Ilaiyaraaja, R. K. Shekhar (father of A.R. Rahman) and many more composers have been assistants in Swami's music recording sessions.

Introductions 
Dakshinamoorthy is to be highly credited for his introduction of P. Suseela to Malayalam cinema through 'Seetha'. The song 'Pattu Paadi Urakkam' sung by P. Suseela in that film is still popular in Kerala. He also introduced other singers such as Ambili, K.P. Brahmanandham, Shereen Peters, Vinodhini, Sree Latha, Kalyani Menon, etc.

Books 
He has written three books namely Thiagabrahmam (Tamil – 1965), Aathma Dheepam (Tamil – 1989) and Sathya Mithram (Malayalam – 1992).

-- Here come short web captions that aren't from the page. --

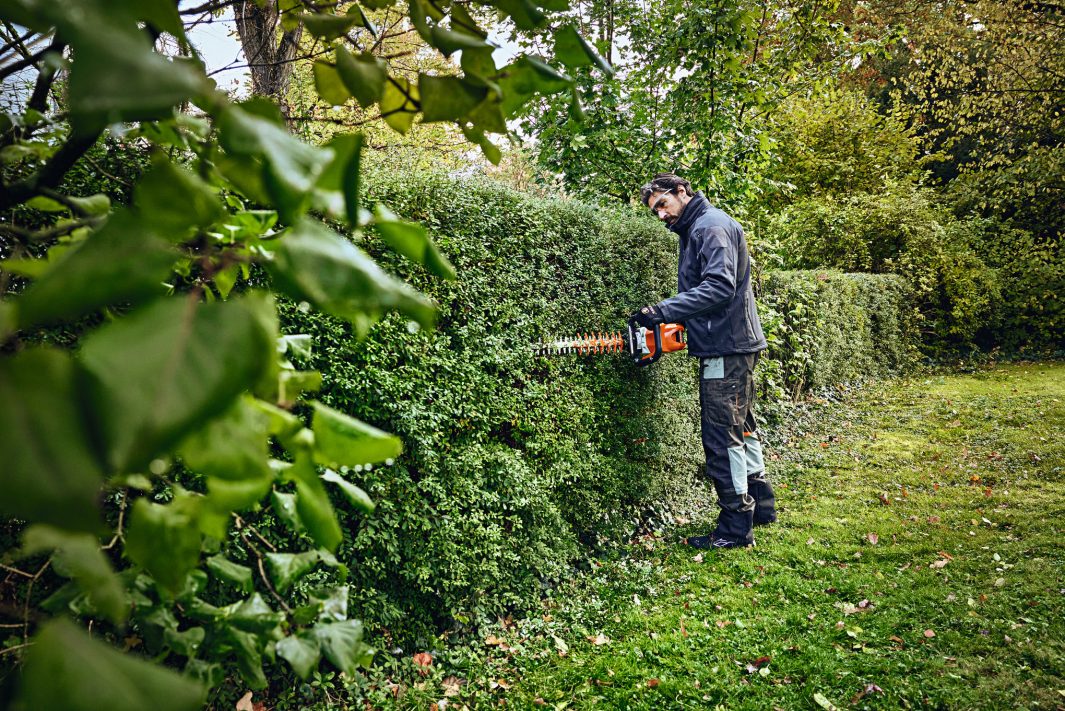 Stihl Akku-Heckenschere HSA 100 mit Akku AP20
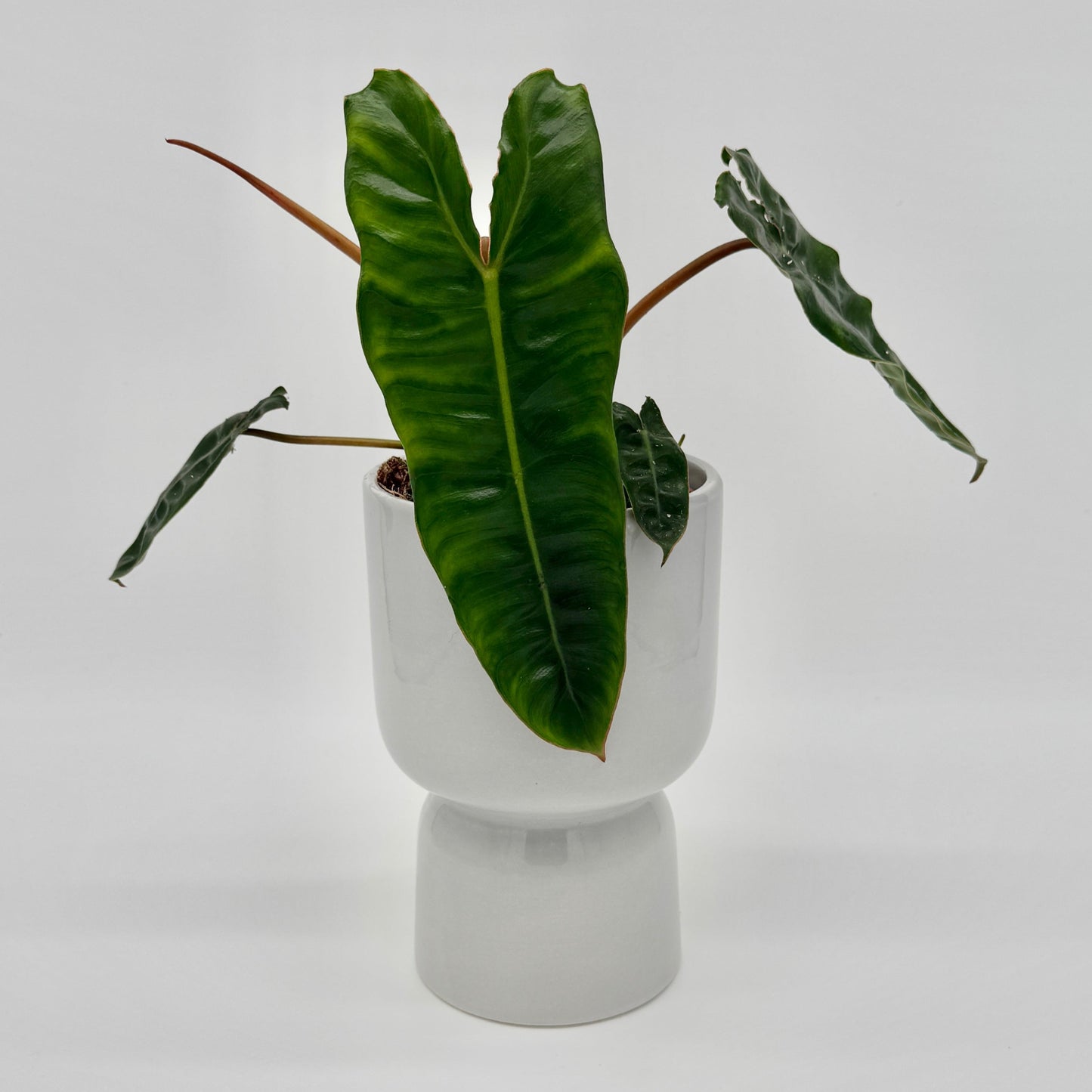 Philodendron billietiae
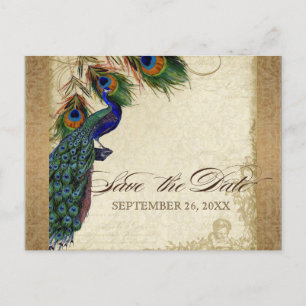 Peacock & Feathers Vintage Gold Look Damask  Swirl Invitation Postcard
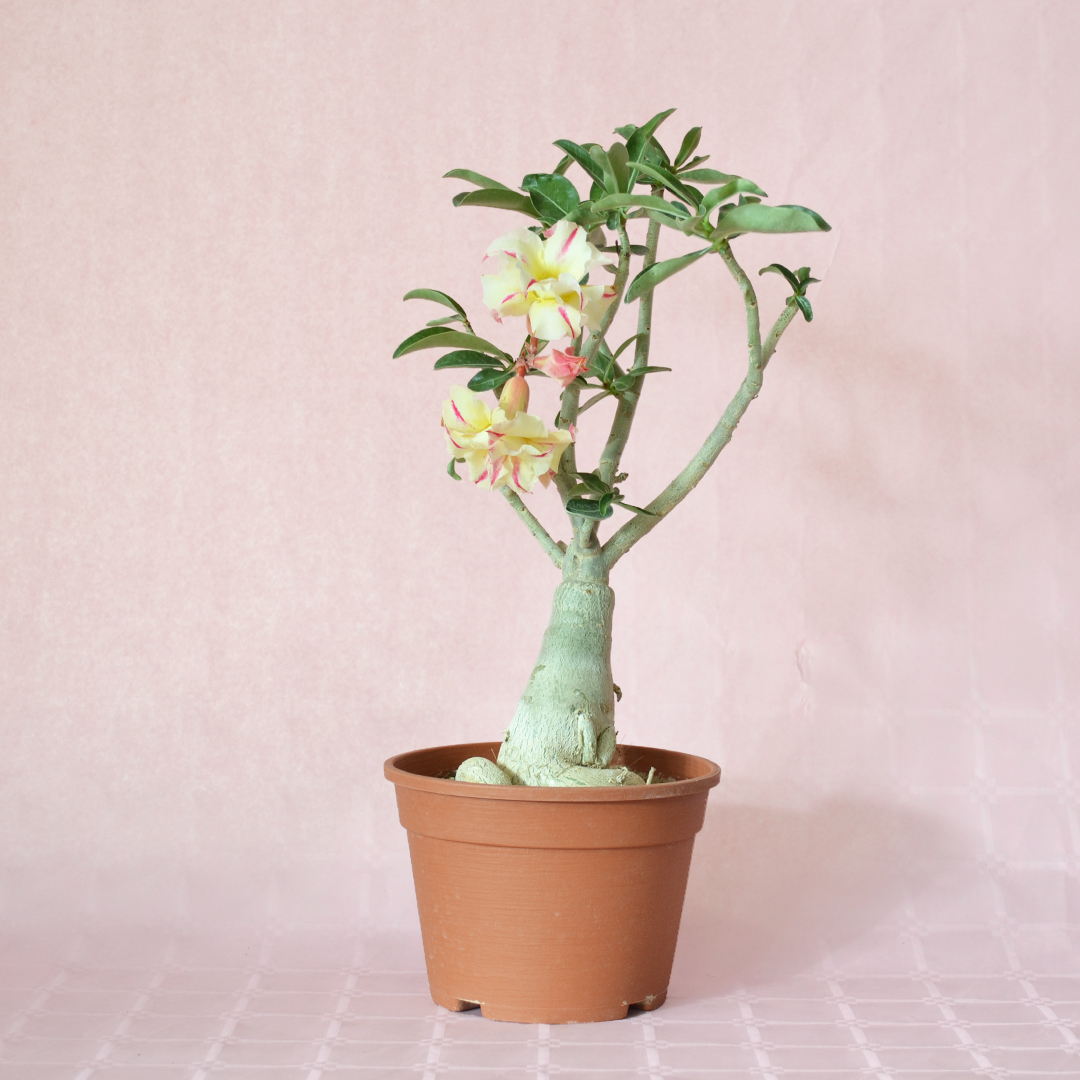 Adenium obesum ''A'' vaso Ø 16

His private masterpieces bearing 108 of his own compositions (Keerthanas) was released as book during his first death anniversary at Makreri Temple, Kerala with the name "Raagaabharanam" honouring his priceless contribution to the field of music.

Pious nature 
A devout Hindu throughout his life, Dakshinamoorthy started his speeches telling Sarvacharacharangalkkum Namaskaram, Charachara Guruvinum Namaskaram (Welcome to all the living and non-living creatures in the world, and also to their teacher). He was a devotee of Lord Shiva of Vaikom Temple in Kottayam district, after whom he was named, and he celebrated his 60th, 70th, 80th and 90th birthdays by offering Sahasrakalasham at Vaikom Temple. He was also a devotee of Lord Guruvayurappan, and used to visit Guruvayur temple too. Being a Brahmin, he was a vegetarian as he adhered to the traditional diet. He offered his wooden model of the Sabarimala Temple inside which he worshipped his revered idols to the Subrahmanya-Hanuman temple at Makreri in Kannur district. The Saraswathi Mandapam is now a home ground bearing all the crowning jewels of his lifetime achievement in the form of Awards and Trophies. The Thiagaraaja Akandam started at Makreri Ambalam and has been taking place for more than 12 years.

Awards

 2019 – Kerala State Film Award – Special Mention (posthumously) – Shyamaragam (Music director)
 2013 – Swathi Sangeetha Puraskaram – Government of Kerala
 2010 – Ramashramam Unneerikutty Award
 2010 – Honorary Doctorate by Mahatma Gandhi University
 2010 – Lifetime Achievement Award – Mirchi
 2008 – Amrita TV Award
 2007 – Swaralaya Yesudas Award for lifetime contributions to Malayalam film music
 2003 - Abhaya Dev Award 2003 for outstanding contribution for Indian Music
 2000 - "Kalakairali Award 1998-99" for Human integration
 1998 – J. C. Daniel Award from the Government of Kerala
 1998 - Golden Jubilee Award from Film Fans Association, Madras
 1997 - The First "Kamukara Award’" presented by Vice-President Shri K.R. Narayanan
 1997 - Vayalar Memorial Cultural Award 1997" by Kala Kairali and Vayalar Memorial Cultural Award Academy
 1990 - Cine Technicians’ Platinum Jubilee of Indian Cinema 1913-1988 for outstanding contributions to Cinema
 1990 - The Prestigious Cinema Technicians Association of South India, Ramnath Award
 1990 - Madras Kerala Samajam Award
 1982 - Kerala Sangeetha Nataka Akademi Fellowship
 1981 - Indian Talkies Golden Jubilee Award & Gold Medal" for 50 Years of dedicated service in Indian Cinema, from the President of India, Shri. Neelam Sanjeeva Reddi
 1971 – Kerala State Film Award for Best Music Director for Vilakku Vangiya Veena, Marunnattil Oru Malayali and Muthassi
 1965, 1966, 1967, 1968, 1969 - Film Fans Association Award
 1961 - Kerala Sangeetha Nataka Academy Award

Titles

Honours

Discography

Death
Despite his advanced age and failing health, Dakshinamoorthy continued to work in musical field, and composed songs for many albums. In July 2013, he made his last achievement as a composer - giving songs for four generations in a single family. This happened through giving a chance to Ameya Vijay, the daughter of Vijay Yesudas and granddaughter of K. J. Yesudas. Dakshinamoorthy gave songs to Yesudas' father Augustine Joseph, a veteran drama actor and singer, in his very first film in 1950. He later used Yesudas to sing most of his songs. He also introduced Vijay Yesudas in 1987 through a sloka in the film 'Idanazhiyil Oru Kalocha'.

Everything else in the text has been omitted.